* [Exercise instructions]
In the listing below, find the line containing "Sabrina J Morton's profile image" and the line containing "Celebrate the ncaa", then copy exactly everything from the first through the second, except the pictures.

* [Listed records]
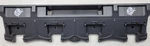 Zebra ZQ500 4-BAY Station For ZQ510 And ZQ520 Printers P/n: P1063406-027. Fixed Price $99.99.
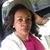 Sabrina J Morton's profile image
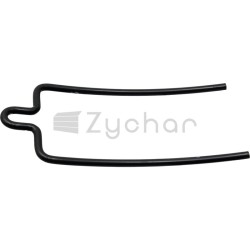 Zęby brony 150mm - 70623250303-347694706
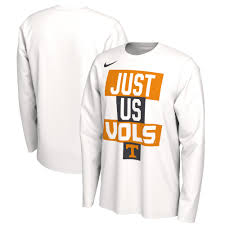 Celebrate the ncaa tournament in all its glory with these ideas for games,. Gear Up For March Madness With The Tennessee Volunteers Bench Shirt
---
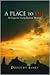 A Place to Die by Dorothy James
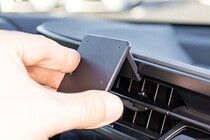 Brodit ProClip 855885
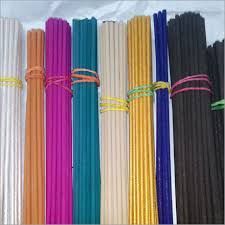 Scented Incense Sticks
==
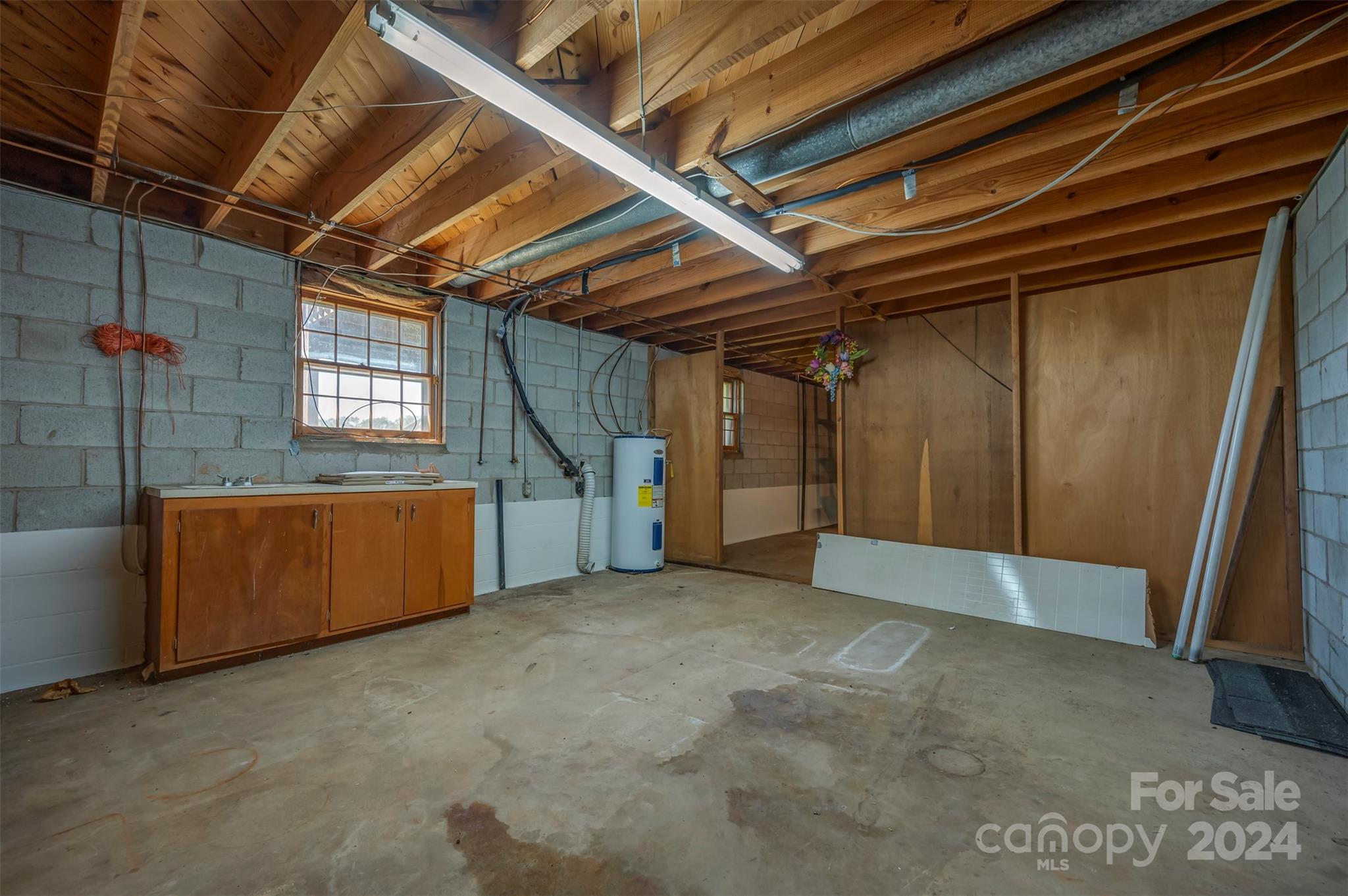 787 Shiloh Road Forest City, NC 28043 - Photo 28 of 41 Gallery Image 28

* [The completed task]
 Sabrina J Morton's profile image
 Zęby brony 150mm - 70623250303-347694706
 Celebrate the ncaa tournament in all its glory with these ideas for games,. Gear Up For March Madness With The Tennessee Volunteers Bench Shirt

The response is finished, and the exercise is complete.